Journal (1952-1962)
Je suis comme Cézanne dessinant ; ou comme Kerouac avec son idée originale de croquis en prose... Je ne peux supporter l'odeur de mes mains - encre dont l'odeur à le goût métallique de peyotl - c'est cette nausée qui me hante - je ne cesse de cligner de l'œil - j'ai la tête lourde et contractée. Ce pauvre Journal, qui semblera plus tard, insignifiant, j'aimerais y faire tenir le monde entier et ses mystères si denses et si visibles. Le grand mystère est celui de l'Être.

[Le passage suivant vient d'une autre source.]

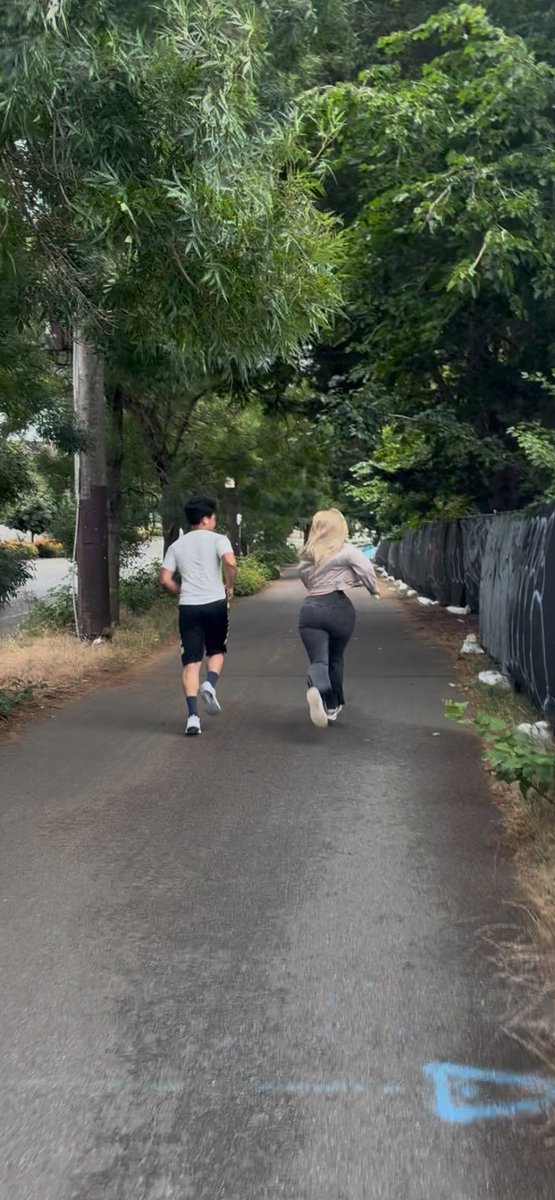 seattleiminyou's tweet photo. Personally think it’s hilarious to start racing joggers out in public https://t.co/0wOIUEctZu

C'est une belle journée, les maisons semblent denses, miniatures " ouvertes sur " le ciel ... Arrière-cour de Paterson. Tout est plein d'activité - une abeille vient de tomber sur ma page (couverte de lignes régulières bleu ciel ou verdâtres). Il y a des mouches et des papillons. J'en ai vu un blanc tout à l'heure mais à part ça l'air est pur jusqu'au ciel " comme du cristal " - c'est de l'air véritable, de l'espace - l'espace est un solide...
- la seule pensée de la semaine me fait horreur, ce monde de règles, complications, violences - manque de repos - accaparement - après tout je ne fais que regarder le monde au travers d'une vitre.